Djalic v MIMIA

Case

[2005] HCATrans 245

No judgment structure available for this case.

[2005] HCATrans 245

IN THE HIGH COURT OF AUSTRALIA

Office of the Registry
  Sydney  No S235 of 2004

B e t w e e n -

DAVID DJALIC

Applicant

and

MINISTER FOR IMMIGRATION AND MULTICULTURAL AND INDIGENOUS AFFAIRS

Respondent

Application for special leave to appeal

McHUGH J
GUMMOW J

TRANSCRIPT OF PROCEEDINGS

AT SYDNEY ON FRIDAY, 22 APRIL 2005, AT 3.33 PM

Copyright in the High Court of Australia

MR C.D. JACKSON:   May it please the Court, I appear for the applicant.  (instructed by Christopher Levingston & Associates)

MR G.T. JOHNSON:   May it please the Court, I appear for the respondent.  (instructed by Australian Government Solicitor)

McHUGH J:   Yes, Mr Jackson.

MR JACKSON:   The case raises two points.  First of all, does the Court have the supplementary application book?

McHUGH J:   Yes, thank you.

MR JACKSON:   The first question for the Court to determine, or the special leave question, is whether, if one focuses on the actual considerations, motivations or purpose of the decision‑maker when exercising his power under section 501 of the Migration Act, whether if one focuses on the purpose rather than tries to impute a purpose from the fact that the effect of detention and what I would characterise as banishment, if one, rather than focus on the effect, focuses on the purpose, whether section 501(2) has to be read down in such a way that any matter that could be characterised as exclusively punitive in nature is an impermissible consideration.

GUMMOW J:   What do you mean by “punitive” in this context?

MR JACKSON:   Well, the concept in particular that I attack is the concept of, in this context, general deterrence.  The essence of general deterrence, in my submission, is that one does something unpleasant to a particular individual in order to deter others from doing that thing.  So that implicit in the very concept of general deterrence is an understanding in the person who is doing it that they are, in effect, punishing or making example ‑ ‑ ‑

McHUGH J:   That would not make it unconstitutional.  Administrative decision‑makers frequently exercise powers and make findings that judges do.  They make findings of fact, they apply the law, but that does not mean they are exercising judicial power.

MR JACKSON:   Well, the critical distinction that the court draws is between – well, could your Honour elaborate on the ‑ ‑ ‑

McHUGH J:   Well, for instance, a discipline, as was held in White’s Case - I think it is in 112 CLR ‑ ‑ ‑

GUMMOW J:   Within the public service.

McHUGH J:   In the public service.  You find public servants charged with a disciplinary offence and charges particularised.  The person may be fined, may be demoted.  This Court held that is not an exercise of judicial power.  To say that the fact that the Minister takes into account general deterrence does not mean that he is exercising judicial power in any way, because it is a fact that it is relevant to the public interest.  He is deporting somebody to deter other people from committing crimes within the community who could be deported.

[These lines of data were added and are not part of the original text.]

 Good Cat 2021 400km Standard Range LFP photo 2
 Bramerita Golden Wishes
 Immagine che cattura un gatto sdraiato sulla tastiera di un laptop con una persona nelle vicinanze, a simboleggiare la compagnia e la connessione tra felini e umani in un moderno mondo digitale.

MR JACKSON:   Yes.  Is your Honour referring to a Commonwealth jurisdiction in relation to the case ‑ ‑ ‑

McHUGH J:   Public servants?

MR JACKSON:   Yes.

McHUGH J:   Yes, White was a federal case.

GUMMOW J:   Sir Owen Dixon and two or three others said this in a couple of pages actually, I think.

McHUGH J:   Yes.

MR JACKSON:   Yes.  The focus of the applicant’s case is not on the fact that what one is doing may have a punitive effect, nor that it may involve what are effectively sanctions.  That is well established.  It also occurs in the jurisdiction in relation to the Medibank policing provisions.  So that much is unexceptional, and it is not contested by the applicant.  What is contested is whether one can take into account a consideration for the purposes of what can be characterised as holding up an example to others.  The history in a situation like this, you are talking about ‑ ‑ ‑

McHUGH J:   I would have thought the two main things a Minister would do in considering this sort of issue is (a) determine whether or not deportation would protect the community and, secondly, as an aspect of that, as to whether it would deter others and thereby protecting the community.  After all, general deterrence is an aspect of protecting the community.  The fact that it may operate harshly on your client does not mean that it is not something the Minister cannot take into account.

MR JACKSON:   Well, it does raise one further problem, and that is that in a case such as this, which is not all section 501 cases, you are dealing with a person who is being deported purely on the basis of criminal conduct for which he has already served his sentence.

GUMMOW J:   And is an alien.

MR JACKSON:   Yes.  I fully ‑ ‑ ‑

GUMMOW J:   Well, deportation of aliens in a sense is punitive in the sense of unpleasant or prejudicial to the alien.  That is always so.

MR JACKSON:   Yes.

GUMMOW J:   But that is within power.

MR JACKSON:   Yes.

GUMMOW J:   And it does not require the order of a court to bring it about.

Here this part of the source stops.